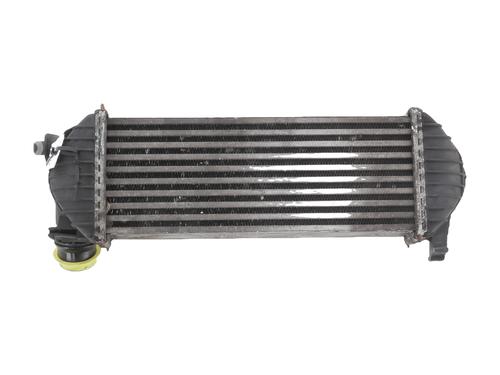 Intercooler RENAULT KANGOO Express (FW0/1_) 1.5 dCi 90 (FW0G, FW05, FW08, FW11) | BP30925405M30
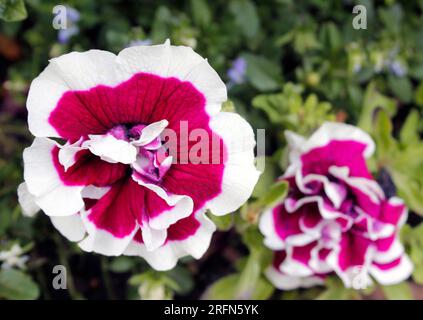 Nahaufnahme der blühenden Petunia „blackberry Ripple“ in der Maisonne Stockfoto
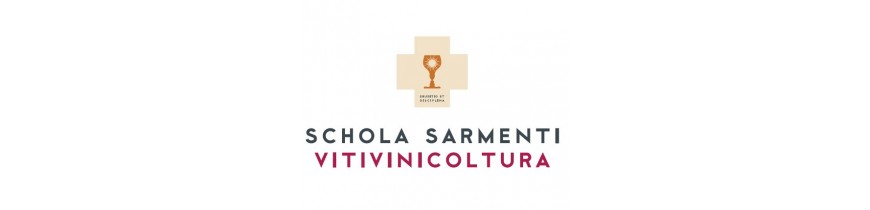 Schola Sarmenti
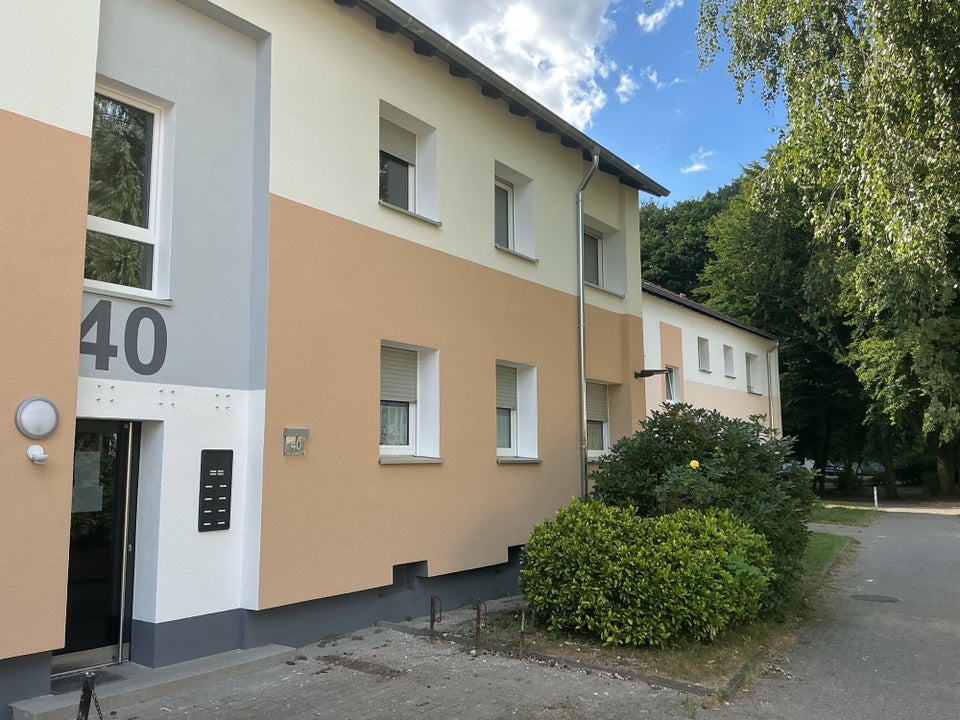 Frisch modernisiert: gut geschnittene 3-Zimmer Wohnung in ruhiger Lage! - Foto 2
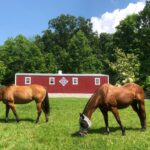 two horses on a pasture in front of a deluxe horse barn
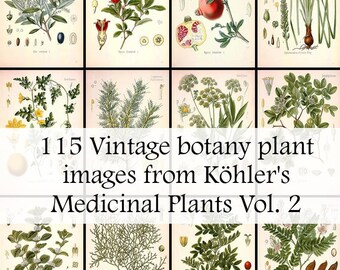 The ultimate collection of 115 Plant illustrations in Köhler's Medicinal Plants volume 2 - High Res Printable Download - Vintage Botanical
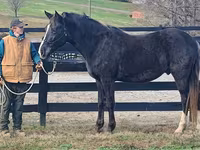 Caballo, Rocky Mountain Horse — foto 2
==
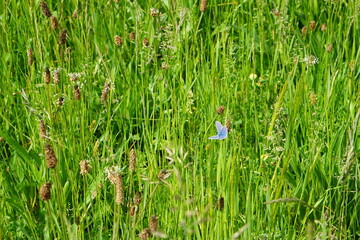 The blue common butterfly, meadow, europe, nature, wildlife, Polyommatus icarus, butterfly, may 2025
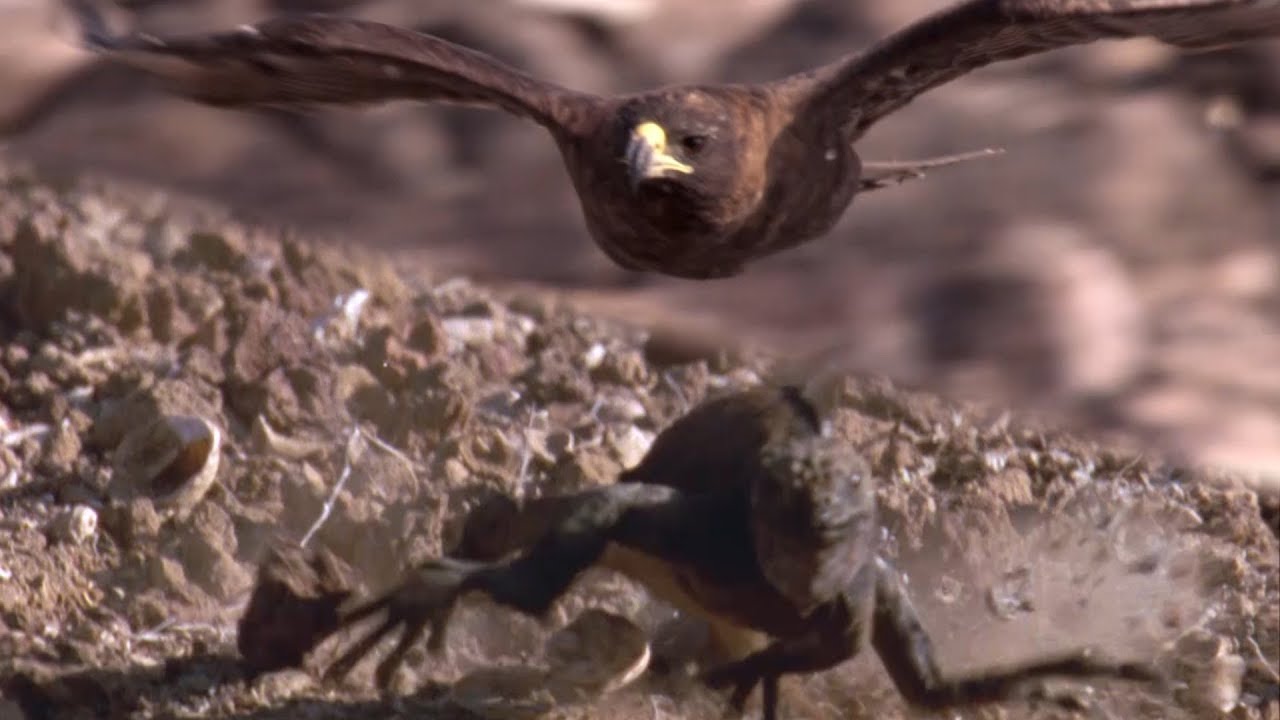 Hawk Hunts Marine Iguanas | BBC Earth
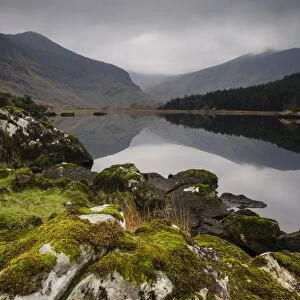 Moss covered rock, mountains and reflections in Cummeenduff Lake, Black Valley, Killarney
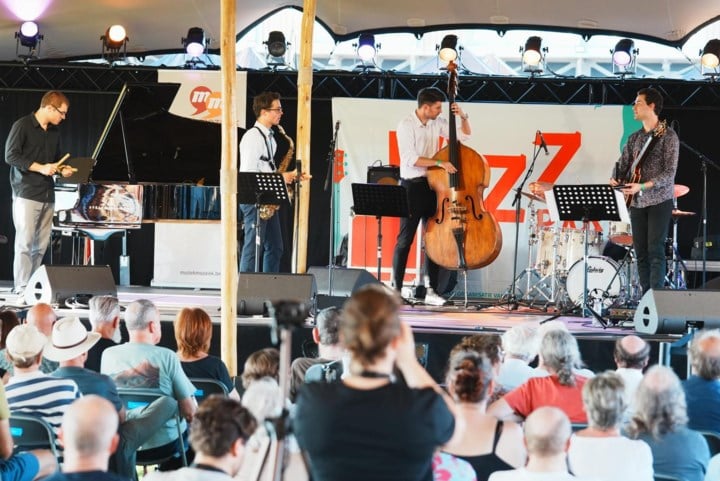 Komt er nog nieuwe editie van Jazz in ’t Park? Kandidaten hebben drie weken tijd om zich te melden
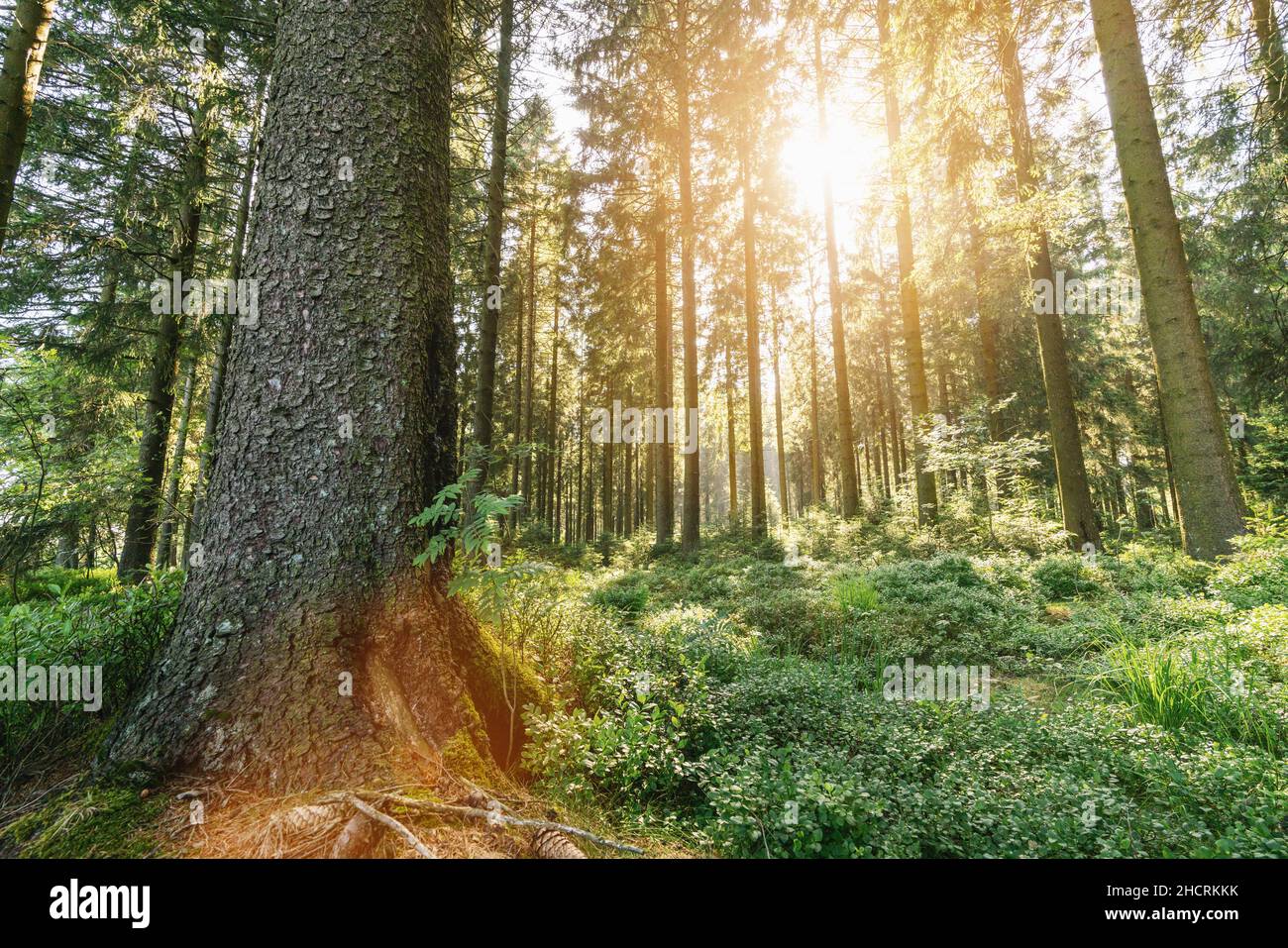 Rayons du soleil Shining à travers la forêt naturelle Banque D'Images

_WHAT IS BEING ASKED_
Would you copy the lines above exactly, starting with the one that has "Komt er nog" and ending with the one that has "Rayons du soleil", both included, without the pictures?

_SOLVED PROBLEM_
 Komt er nog nieuwe editie van Jazz in ’t Park? Kandidaten hebben drie weken tijd om zich te melden
 Rayons du soleil Shining à travers la forêt naturelle Banque D'Images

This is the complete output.